Response 4: Great point. We appreciate your interest in the GPU acceleration of the AprilTag3 library. We originally opted to explore this further in future works, but we have included a summary of the detection pipeline and performance metrics on flight hardware in Section 3.1.1 “AprilTag Detection Performance”.  

Please see the edits below in L212-L228 on page 9, 

“Table 3 provides a comparison between the performance of the CPU-based AprilTag3 v3.4.4 versus AprilTag CUDA. The CPU-based AprilTag3 v3.4.4 is profiled on both the Intel NUC and Jetson Orin Nano platforms using four threads with no decimation and a maximum Hamming bit error of two. AprilTag CUDA is profiled with identical decimation and error parameters. For the CPU-based quadrilateral decoding and pose estimation stages following CUDA parsing, single-threaded operation is used to optimise performance as the low quadrilateral count makes multi-threading unnecessary. The executable is run with 10000 iterations at each resolution to determine the execution time average (μ) and standard deviation (σ) over detections.  

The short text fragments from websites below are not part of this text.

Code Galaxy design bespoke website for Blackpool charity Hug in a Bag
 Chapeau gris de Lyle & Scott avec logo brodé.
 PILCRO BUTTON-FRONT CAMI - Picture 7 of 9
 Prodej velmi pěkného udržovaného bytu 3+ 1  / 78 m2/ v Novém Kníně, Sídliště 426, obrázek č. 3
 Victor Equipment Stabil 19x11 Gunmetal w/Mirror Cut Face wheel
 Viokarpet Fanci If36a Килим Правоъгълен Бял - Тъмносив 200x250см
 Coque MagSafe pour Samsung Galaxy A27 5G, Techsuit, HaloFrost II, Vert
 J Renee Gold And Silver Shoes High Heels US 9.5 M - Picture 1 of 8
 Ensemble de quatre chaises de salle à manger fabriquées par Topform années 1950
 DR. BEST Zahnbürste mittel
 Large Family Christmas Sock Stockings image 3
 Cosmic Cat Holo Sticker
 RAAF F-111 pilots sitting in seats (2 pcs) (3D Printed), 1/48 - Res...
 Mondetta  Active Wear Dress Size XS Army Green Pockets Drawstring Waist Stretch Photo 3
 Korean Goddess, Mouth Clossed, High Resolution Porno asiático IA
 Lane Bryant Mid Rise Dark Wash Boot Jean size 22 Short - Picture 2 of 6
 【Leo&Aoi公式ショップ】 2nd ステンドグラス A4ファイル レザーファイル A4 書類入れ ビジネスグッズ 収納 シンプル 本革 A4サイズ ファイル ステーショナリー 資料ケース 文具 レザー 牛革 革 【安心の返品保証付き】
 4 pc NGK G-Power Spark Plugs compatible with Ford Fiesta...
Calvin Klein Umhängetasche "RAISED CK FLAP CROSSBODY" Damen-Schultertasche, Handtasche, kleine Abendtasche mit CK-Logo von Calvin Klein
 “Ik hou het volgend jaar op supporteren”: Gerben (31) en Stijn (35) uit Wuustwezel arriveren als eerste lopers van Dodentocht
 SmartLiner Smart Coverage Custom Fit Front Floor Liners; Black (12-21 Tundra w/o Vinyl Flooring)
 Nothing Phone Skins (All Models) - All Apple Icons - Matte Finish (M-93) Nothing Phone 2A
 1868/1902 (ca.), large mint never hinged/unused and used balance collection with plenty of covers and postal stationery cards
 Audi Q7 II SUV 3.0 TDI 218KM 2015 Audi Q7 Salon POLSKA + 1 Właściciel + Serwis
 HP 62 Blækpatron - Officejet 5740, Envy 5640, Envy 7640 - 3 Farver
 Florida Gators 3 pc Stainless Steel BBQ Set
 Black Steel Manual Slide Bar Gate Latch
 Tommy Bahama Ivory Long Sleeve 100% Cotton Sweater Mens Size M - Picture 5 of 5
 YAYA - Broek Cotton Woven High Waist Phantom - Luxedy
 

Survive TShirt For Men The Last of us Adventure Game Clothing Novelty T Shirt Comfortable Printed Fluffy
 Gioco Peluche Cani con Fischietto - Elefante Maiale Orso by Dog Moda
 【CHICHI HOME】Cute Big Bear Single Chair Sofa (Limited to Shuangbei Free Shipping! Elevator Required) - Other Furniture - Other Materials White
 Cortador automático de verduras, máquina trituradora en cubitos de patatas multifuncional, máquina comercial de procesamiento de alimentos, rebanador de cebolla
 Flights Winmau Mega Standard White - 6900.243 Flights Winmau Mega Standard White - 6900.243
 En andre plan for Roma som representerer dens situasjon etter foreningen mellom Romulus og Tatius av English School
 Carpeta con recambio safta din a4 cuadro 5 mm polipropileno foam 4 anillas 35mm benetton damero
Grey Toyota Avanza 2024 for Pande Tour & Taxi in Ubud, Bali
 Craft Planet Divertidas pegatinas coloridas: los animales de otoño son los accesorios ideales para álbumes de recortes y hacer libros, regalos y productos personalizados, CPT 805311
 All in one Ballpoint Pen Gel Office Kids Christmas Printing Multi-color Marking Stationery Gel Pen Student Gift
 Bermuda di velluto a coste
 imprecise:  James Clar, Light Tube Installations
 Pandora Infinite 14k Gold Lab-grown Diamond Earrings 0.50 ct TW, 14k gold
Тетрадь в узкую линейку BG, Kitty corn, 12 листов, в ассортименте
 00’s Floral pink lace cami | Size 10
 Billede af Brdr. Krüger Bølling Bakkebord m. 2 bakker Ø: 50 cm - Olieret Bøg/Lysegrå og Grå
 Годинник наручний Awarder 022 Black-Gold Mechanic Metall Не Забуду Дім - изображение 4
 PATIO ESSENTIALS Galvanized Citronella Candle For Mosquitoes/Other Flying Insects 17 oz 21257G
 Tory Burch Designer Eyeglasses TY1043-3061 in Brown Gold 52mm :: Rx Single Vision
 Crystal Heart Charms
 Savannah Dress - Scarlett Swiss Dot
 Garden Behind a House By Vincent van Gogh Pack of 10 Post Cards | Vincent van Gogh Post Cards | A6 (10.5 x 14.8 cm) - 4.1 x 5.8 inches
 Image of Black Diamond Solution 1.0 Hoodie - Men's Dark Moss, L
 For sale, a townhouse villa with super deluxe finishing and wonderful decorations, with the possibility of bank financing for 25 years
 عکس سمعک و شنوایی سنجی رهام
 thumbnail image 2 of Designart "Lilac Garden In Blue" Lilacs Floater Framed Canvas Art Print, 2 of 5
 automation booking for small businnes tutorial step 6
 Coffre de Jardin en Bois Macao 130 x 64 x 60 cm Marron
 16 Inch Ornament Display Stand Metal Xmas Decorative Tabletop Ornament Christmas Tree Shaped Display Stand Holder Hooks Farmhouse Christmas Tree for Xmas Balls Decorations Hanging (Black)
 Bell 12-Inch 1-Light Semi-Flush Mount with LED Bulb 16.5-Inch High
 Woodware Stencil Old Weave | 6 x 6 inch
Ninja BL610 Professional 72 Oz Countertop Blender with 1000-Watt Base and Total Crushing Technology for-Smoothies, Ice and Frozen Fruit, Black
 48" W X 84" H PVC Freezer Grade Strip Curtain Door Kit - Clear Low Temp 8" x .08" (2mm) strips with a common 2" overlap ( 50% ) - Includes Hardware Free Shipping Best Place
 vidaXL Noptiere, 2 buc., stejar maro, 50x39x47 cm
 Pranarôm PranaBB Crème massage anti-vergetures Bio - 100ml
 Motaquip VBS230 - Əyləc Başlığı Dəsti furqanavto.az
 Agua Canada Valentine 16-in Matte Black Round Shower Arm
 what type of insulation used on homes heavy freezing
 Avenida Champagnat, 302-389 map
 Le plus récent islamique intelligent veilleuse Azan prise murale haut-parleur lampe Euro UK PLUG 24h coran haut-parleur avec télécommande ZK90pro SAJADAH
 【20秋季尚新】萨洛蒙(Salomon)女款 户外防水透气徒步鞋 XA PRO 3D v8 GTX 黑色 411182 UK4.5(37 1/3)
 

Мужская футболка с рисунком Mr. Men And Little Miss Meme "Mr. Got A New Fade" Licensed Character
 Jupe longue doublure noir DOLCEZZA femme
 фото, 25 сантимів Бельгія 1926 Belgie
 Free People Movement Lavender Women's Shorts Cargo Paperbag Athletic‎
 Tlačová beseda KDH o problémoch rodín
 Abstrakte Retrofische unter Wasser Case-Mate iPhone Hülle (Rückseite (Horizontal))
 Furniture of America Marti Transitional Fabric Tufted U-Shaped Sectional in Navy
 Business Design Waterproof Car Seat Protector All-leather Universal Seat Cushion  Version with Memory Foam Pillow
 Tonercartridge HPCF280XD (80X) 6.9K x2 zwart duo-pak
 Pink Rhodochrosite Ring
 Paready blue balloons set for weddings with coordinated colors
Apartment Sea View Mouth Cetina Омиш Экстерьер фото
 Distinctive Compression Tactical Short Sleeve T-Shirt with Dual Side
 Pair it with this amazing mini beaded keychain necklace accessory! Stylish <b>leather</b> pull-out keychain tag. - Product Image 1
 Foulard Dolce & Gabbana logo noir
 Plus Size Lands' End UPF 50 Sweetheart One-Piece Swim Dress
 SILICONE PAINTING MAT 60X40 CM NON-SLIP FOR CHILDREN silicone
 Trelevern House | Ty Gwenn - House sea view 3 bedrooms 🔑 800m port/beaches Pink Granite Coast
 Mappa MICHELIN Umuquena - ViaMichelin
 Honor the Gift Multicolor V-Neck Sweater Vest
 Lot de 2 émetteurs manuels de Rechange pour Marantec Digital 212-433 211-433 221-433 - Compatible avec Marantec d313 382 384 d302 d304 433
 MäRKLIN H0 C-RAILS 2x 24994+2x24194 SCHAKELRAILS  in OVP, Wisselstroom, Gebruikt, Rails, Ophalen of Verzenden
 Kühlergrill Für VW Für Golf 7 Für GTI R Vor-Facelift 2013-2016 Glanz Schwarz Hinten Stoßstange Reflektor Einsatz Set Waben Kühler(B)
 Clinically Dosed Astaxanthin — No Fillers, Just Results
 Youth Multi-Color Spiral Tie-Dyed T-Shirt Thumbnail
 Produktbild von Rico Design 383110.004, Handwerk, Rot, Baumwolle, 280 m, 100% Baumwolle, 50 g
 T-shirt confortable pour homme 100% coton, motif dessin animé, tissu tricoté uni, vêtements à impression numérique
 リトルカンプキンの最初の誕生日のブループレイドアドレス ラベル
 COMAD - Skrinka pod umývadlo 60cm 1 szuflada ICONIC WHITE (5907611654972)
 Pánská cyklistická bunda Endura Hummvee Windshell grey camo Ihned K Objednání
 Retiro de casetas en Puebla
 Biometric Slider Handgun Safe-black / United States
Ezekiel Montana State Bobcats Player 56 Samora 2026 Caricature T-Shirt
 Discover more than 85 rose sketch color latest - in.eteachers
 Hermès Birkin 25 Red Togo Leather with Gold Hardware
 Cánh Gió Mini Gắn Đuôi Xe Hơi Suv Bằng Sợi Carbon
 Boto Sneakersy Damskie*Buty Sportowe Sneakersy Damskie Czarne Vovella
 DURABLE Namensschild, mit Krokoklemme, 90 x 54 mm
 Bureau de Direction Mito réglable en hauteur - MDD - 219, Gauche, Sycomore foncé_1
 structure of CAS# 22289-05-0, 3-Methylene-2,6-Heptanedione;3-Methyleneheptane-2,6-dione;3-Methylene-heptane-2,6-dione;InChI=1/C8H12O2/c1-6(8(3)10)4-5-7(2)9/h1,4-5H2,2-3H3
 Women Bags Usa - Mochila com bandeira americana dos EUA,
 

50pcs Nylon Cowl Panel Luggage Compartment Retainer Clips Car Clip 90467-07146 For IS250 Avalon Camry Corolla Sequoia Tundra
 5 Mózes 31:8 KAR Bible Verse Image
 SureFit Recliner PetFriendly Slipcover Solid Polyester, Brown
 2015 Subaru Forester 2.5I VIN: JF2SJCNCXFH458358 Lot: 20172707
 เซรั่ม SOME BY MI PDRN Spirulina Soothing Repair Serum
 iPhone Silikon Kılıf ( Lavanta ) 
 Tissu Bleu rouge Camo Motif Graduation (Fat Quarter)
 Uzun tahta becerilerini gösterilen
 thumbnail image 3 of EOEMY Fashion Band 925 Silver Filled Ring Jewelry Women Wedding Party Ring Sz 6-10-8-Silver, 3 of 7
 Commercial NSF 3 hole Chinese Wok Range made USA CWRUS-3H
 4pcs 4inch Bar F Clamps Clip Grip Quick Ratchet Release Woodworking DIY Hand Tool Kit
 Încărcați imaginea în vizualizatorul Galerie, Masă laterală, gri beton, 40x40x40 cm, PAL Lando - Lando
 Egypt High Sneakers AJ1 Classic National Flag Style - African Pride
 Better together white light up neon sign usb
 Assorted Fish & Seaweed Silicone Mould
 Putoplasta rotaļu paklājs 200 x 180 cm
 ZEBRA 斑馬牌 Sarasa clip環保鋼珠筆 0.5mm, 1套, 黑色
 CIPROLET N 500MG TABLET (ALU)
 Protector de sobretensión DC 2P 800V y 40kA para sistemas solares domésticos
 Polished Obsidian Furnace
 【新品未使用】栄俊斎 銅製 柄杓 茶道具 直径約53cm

It can be seen from the results in Table 3 that at low resolutions (640x480) there is a small improvement in using AprilTag CUDA compared to AprilTag3 v3.4.4. However, at the desired (1280x720) resolution, an astounding 322% improvement in the GPU implementation via AprilTag CUDA can be observed. These results are similarly observed at the 1600x900 resolution (264% improvement). Furthermore, off-loading the detection task to the GPU minimises OS-scheduler effects as seen by the large standard deviations values when executing on the CPU.” 

 

Comment 5: L206: Could you elaborate more on the selection of the maximum acceptable state and control input values? 

Response 5: Agreed that this section required more elaboration. Please see the additions below to Section 3.1.2 in L256-L263 on page 11: 

The maximum allowable state errors are determined based on the physical constraints of the laboratory environment. Therefore, a maximum trajectory deviation of 1.0 m is established, complemented by more restrictive bounds on quadcopter attitude to ensure stable flight characteristics. Although this configuration may yield suboptimal tracking performance without additional parameter tuning, the resulting control authority is deemed adequate for the approach manoeuvre under investigation. The constraints for the control input, u are similarly established by imposing limits of 1.0 N and 1.0 N m on the translational and rotational control forces, respectively, during the approach phase. ” 

 

 

Comment 6: L216:  The proposed control algorithm uses a set of 1D Kalman filters for velocity estimation. could you clarify the reasoning behind this choice (instead of using multi-dimensional Kalman filter)? 

Response 6: We initially chose a set of 1D Kalman filters out of implementation simplicity and reduction of computational requirements from needing to perform 8x8 matrix operations to simply requiring parallelizable scalar math. Furthermore, having a set of 1D filters allows all movement axes to be tuned individually, rather than having to consider cross-axis effects.  

We have updated Section 3.2 to elaborate this in L274-L276 on page 11. 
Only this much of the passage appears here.